2018-07-19

MOC: New Century City Block I

Hello readers. I posted New Century City Corner II in May and said that its predecessor would be posted any time soon. Well, here it is now. But as it's rather large block, 128x96 studs, I wasn't able to take photos from all angles in same way than I did with the Block II that is only half of this one's size. Therefore this is photographed and presented mostly in groups of three or four adjacent buildings. The first five were presented in New Century City Corner in April 2016. This is a large project - or was, as it was finished in February 2017, over year ago, to be displayed in Palikat Pinoon - Brilliant Bricks in Vapriikki museum in Tampere. It is still there, so if you can have perfect, all-around-look of this in real life, head to Vapriikki.

As noted elsewhere and before, the grand aim was to build a block of residential city buildings in style of early 20th Century; mostly in Art Nouveau, also called Jugendstil. There are no floors nor dividing walls and definitely no interiors. I wish there would be, but I'll rather spend my limited array of bricks on the stuff that is visible. I will discuss on individual buildings further on.
Left to right: House of Golden Frogs, discussed in post about New Century Corner; House of the Sword of Justice; House of the Firefighter Alliance.

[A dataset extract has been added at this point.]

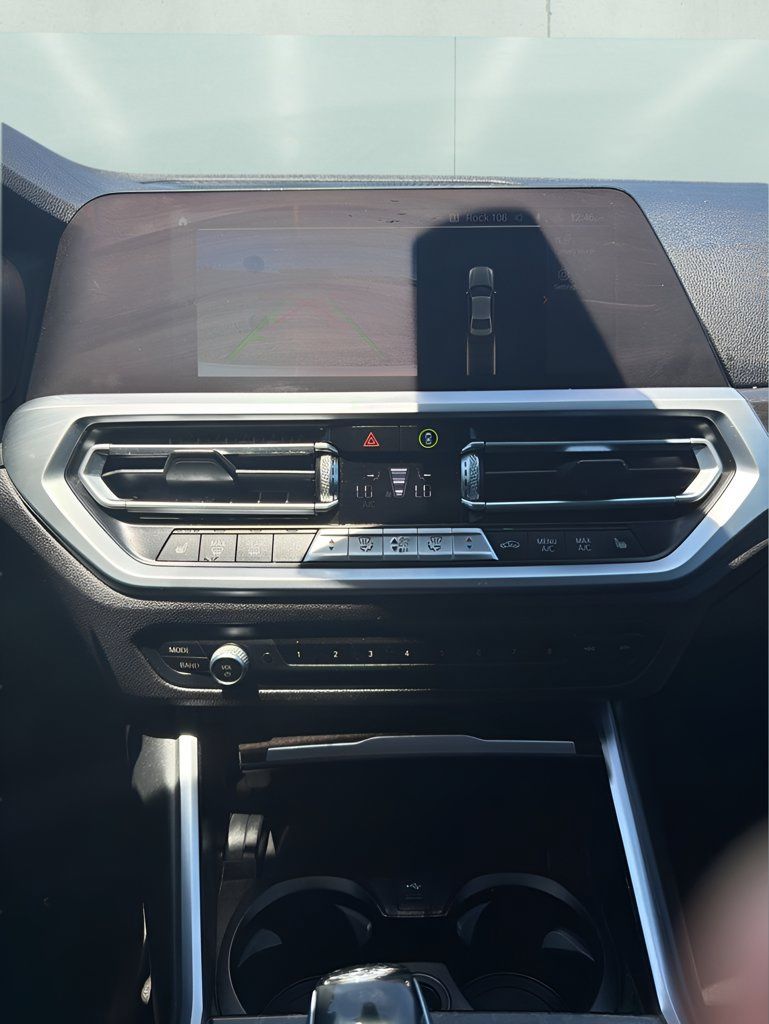 Used 2020 BMW 330i Sedan w/ Convenience Package RWD image 21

House of the Sword of Justice

Building this one begin almost straight after I had moved to Tampere in summer 2016. I had won half of Brick Bank modular on Palikkatakomo contest and drafted it, and wanted to use the printed windows; they had nicely coloured mosaics and curved lines appropriate for Art Nouveau style. I also wanted to make sort of rounded pillars and an oddly shaped thing over the entrance. I don't know what it is, and why it is, but the building ended up having very eccentric feel and it felt fitting. The first level is also slightly unsymmetrical. The other corner buildings on this one are symmetric, and I wanted to make a difference here. 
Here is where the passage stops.